Your moment in the spotlight

Open-mike night offers exposure and networking

Scene: clubs, bars, nightlife

January 15, 2004|By Sarah Schaffer | Sarah Schaffer,SUN STAFF

Some did it on a dare, or maybe after too many martinis.

Others were looking for a rush, next-day bragging rights or even the start of a new career.

Whatever the reason, throngs of Baltimoreans have been grabbing a few minutes on stage at the city's various Monday night open-mike sessions.

Frazier's on the Avenue, the Funk Box, the Mojo Room and Lounge and Kiss Cafe are a few of the area's nightspots where wannabe rock stars and up-and-coming artists can be heard crooning away to both originals and cover tunes.

The open-mike night at Kiss Cafe, held by the Baltimore Songwriters Association, is a third-Monday-of-every-month event that typically brings a crowd of eager performers to the Canton cafe.

And at the Funk Box, the Mojo and Frazier's, there's never a shortage of players - from rocker acts and hip-hop artists to classically trained singers and even comedians - who turn up to secure a moment in the spotlight that can last from 5 minutes to half an hour.

Songwriters Association president and founder Paul Iwancio isn't surprised by the popularity of such events. For performers, he says, the benefits endure long after their on-stage moments are over.

"You play for your peers, and if they like your style ... you may link up and play at each other's gigs," he said.

"There is a lot of musical networking" going on, he added.

Iwancio himself has gained from the open-mike exchanges - the singer-guitarist's coming album (due out in May, he says) includes a few songs that were written by local musicians.

Other club operators believe the events are a favorite with local musicians because they provide a low-pressure creative outlet, sometimes on a big stage, for those who are unconnected or amateur.

"They can just walk right in" and get stage time without a press kit or a long resume, said Mojo Room and Lounge owner Andy Bopp of his open-mike night, where each participant is offered at least 20 minutes.

The night, which begins at 7:30 p.m., usually runs until 2 a.m.

"Sometimes you have to play late, but you do get your ... more than 15 minutes of fame," he noted.

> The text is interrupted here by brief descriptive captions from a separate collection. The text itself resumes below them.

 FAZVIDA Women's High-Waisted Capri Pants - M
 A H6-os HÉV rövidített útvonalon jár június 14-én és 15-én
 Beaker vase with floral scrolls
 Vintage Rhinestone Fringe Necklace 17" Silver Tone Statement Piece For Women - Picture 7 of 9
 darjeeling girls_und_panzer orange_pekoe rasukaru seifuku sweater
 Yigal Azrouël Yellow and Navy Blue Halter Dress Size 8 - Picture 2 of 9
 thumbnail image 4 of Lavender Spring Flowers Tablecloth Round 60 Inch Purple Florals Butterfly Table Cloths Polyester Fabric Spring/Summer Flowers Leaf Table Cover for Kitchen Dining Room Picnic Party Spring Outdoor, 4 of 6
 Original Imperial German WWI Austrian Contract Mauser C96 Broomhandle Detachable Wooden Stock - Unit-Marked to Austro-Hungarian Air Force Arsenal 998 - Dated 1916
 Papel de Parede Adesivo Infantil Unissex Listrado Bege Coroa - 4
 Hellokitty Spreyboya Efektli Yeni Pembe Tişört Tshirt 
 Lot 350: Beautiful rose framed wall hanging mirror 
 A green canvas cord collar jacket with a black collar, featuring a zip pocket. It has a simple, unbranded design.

Bopp, himself an accomplished musician, said he tries to foster a relaxed atmosphere and supportive attitude, two elements he believes add to the attractiveness of the event.

Although there may be no definitive reason for the success of open-mike nights around town, one thing is sure: They will go on.

Funk Box manager Mike Berg reported that the new club, which opened in September and has a schedule that's packed with national recording artists, has no plans to halt the weekly showcase, which has been drawing between 100 and 150 people to the 300-capacity venue.

It's not a full house, but Berg said he's sure the steady stream of performers and spectators will only grow in coming months.

"We've only had open mike night for three months now, but it's been growing weekly," he said.

For more club events, see Page 33.

Open-mike nights

Frazier's on the Avenue

Monday's open-mike night at this spot is for patrons ages 21 and up. The singing begins at 9 p.m. and usually goes until late, around 2 a.m.

Frazier's on the Avenue is at 919 W. 36th St. For more information, call 410-662-4914.

The Funk Box

This recently revamped nightclub, formerly the 8x10 Club, is one of Federal Hill's only live performance venues.

The club holds an open-mike night on most Mondays. Call or check its Web site to confirm times and dates in advance.

The Funk Box is at 10 E. Cross St. For more information, call 410-625-2000 or visit www.thefunkbox.com.

Kiss Cafe

This Canton nightspot is the site of a monthly open-mike night, held by the Baltimore Songwriters Association.

Stop by on the third Monday of every month to hear locals play their original music.

Kiss Cafe is at 2400 Boston St. For more information, call 410-327-9889 or visit www.baltimoresongwriters.org.

The Mojo Room and Lounge

At the Mojo, open-mike participants usually get between 20 and 30 minutes of stage time, said owner Andy Bopp.

The free event begins around 7:30 p.m. Mondays and runs until closing at 2 a.m.